August 12, 2008

THE RIGHT TO SELF-DETERMINATION DOESN'T REQUIRE THE ATTENTION OF RICHARD GERE:

The city at the empire's edge: The Xinjiang Uighur Autonomous region of China has seen a series of clashes between the majority Uighurs and Han Chinese settlers since the 1980s. But it was in the city of Yining that the largest protest took place on 5 February 1997. Initially written off by the Chinese authorities as an outbreak of random violence, since 9/11 it has been cast as the work of Islamists intent on establishing an independent Islamic kingdom. (Nick Holdstock, Eurozine)

The main ethnic group in Xinjiang are the Uighurs (pronounced weegers), a Turkic people, which means that they belong to the same group of peoples who began in Central Asia and then eventually spread as far as Turkey. Their language is similar to Kazakh and Uzbek. Although many speak Mandarin Chinese, few are able to read and write Chinese with any great proficiency. The majority of Uighurs are Sunni Muslims, though there are considerable differences between religious practices in the north and south of the province, with the latter tending to be more orthodox.

Before 1949 (when the People's Republic of China was founded), there were only 20,000 Han in the region, less than 5 per cent of the population. In Yining there were so few Han that a street was named Han Ren Jie ("the street of Han people").

The succeeding years witnessed a demographic explosion, as the government encouraged Han from the more populated provinces to resettle in the region. Many of these are part of the Xinjiang Production & Construction Corps (XPCC). The XPCC was created in the early 1950s as a way to utilise soldiers from the surrendered Nationalist army. Since then successive waves of migration have swelled the ranks of the XPCC, which today stands at around 2.5 million.

The XPCC has its own police force, courts, agricultural and industrial enterprises, as well as its own large network of labour camps and prisons. Its main unit of production is the state farm or bingtuan. The bingtuans have had the dual function of developing the region's economy and quelling unrest; in one of its marching songs it describes itself as "an army with no uniforms". Many towns with a Uighur majority are now encircled by bingtuans.

The most noticeable aspect of life in Yining is how Han and Uighurs live separately. They eat in different restaurants (Uighurs only eat in halal establishments, whereas pork is an essential ingredient in Han cuisine); their children go to separate schools; they rarely socialise; they virtually never marry. The only time I ever saw Han and Uighurs happily together was at a cockfight.

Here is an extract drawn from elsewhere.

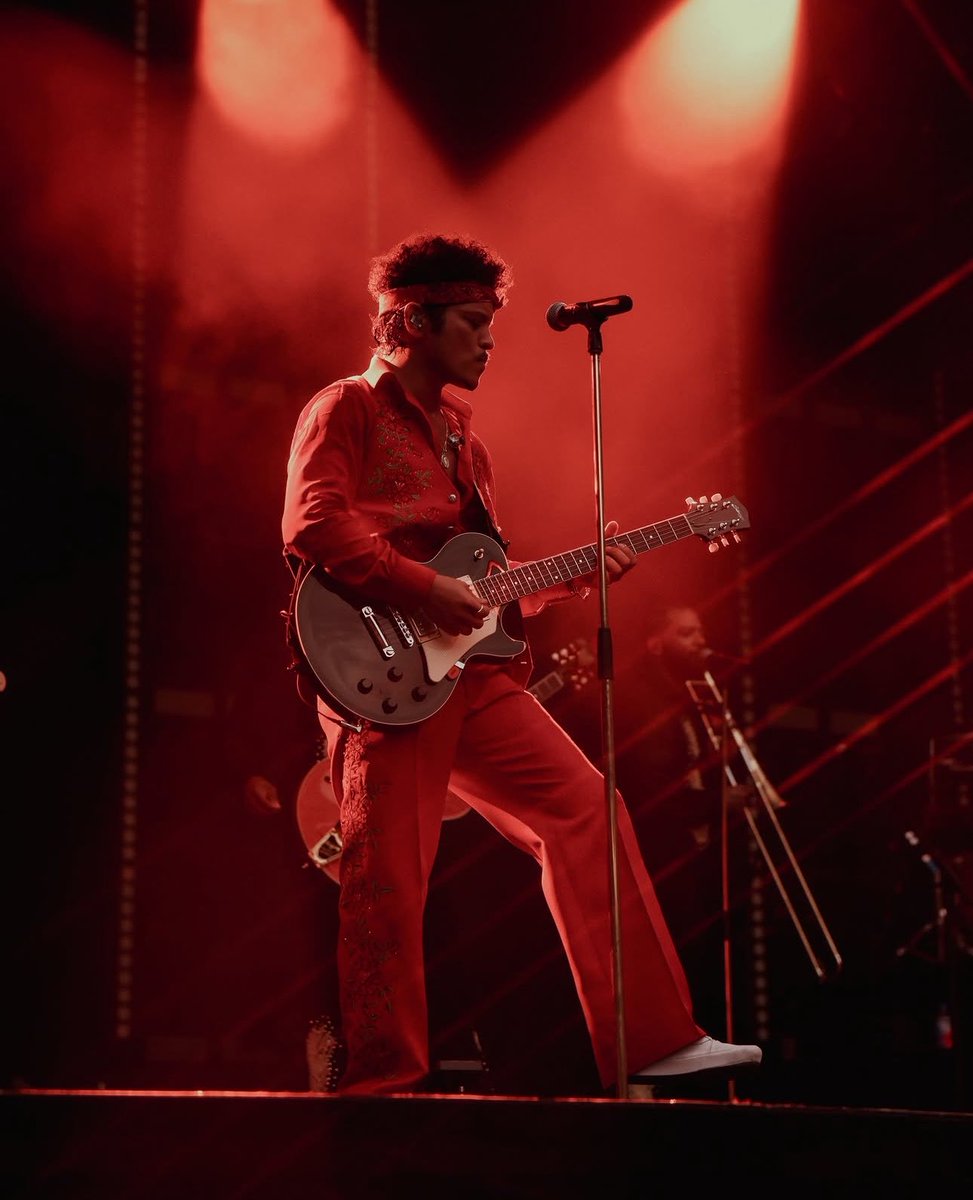 BrunoMarsAccess's tweet photo. AMÉRICA LATINA, VEM AÍ?

De acordo com o jornalista argentino Gustavo Méndez, Bruno Mars tem shows da The Romantic World Tour confirmados na Argentina em 2027. 🇦🇷✨🌹 https://t.co/VeTPxLC6JH
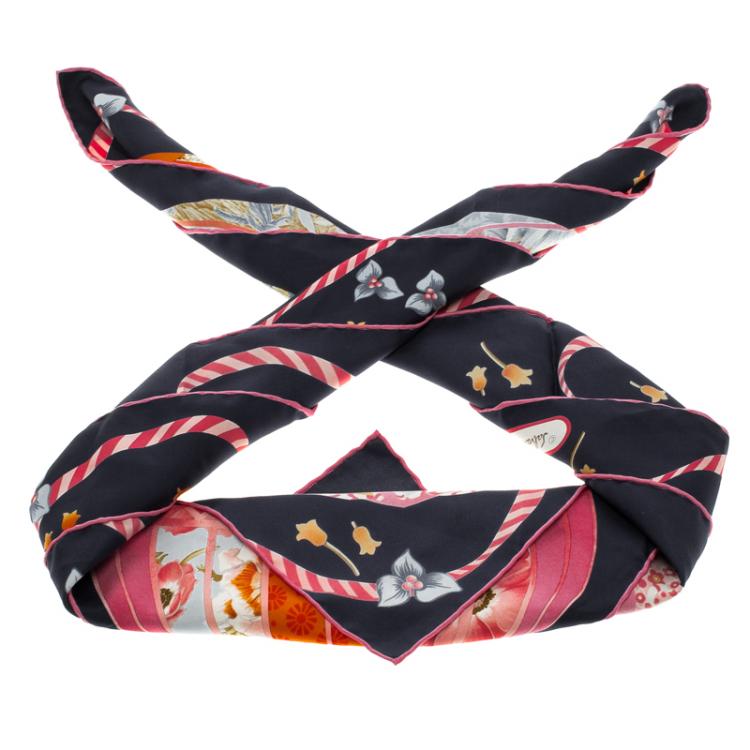 Pre Owned Salvatore Ferragamo Multicolor Hot Air Balloon Print Silk Square Scarf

They are even divided temporally: the Han run on Beijing time, whereas most Uighurs use Xinjiang time, which is two hours ahead (and more accurately reflects the position of the sun). For anyone who hopes to have Han and Uighur friends, this makes arranging any kind of meeting incredibly tiresome. You will frequently be two hours early, or late, even when you think you have specified whether the time of meeting is Xinjiang or Beijing shi dian. For many Uighurs, this imposition of the wrong time zone is more than simply absurd. It sums up the arrogance and indifference of the Chinese government to the fact that Xinjiang is so markedly different to the rest of China. You could almost be forgiven for thinking it was a separate country.

The Chinese government's position on the history of Xinjiang is admirably clear. In essence, it amounts to:

One thing cannot be denied. Xinjiang has always been a part of China. Since the time of its origins, our great motherland has always been a multi-ethnic nation.

The position of some Uighurs is similarly clear:

One thing cannot be denied. Xinjiang has never been a part of China. Only in recent years have we become a Chinese colony.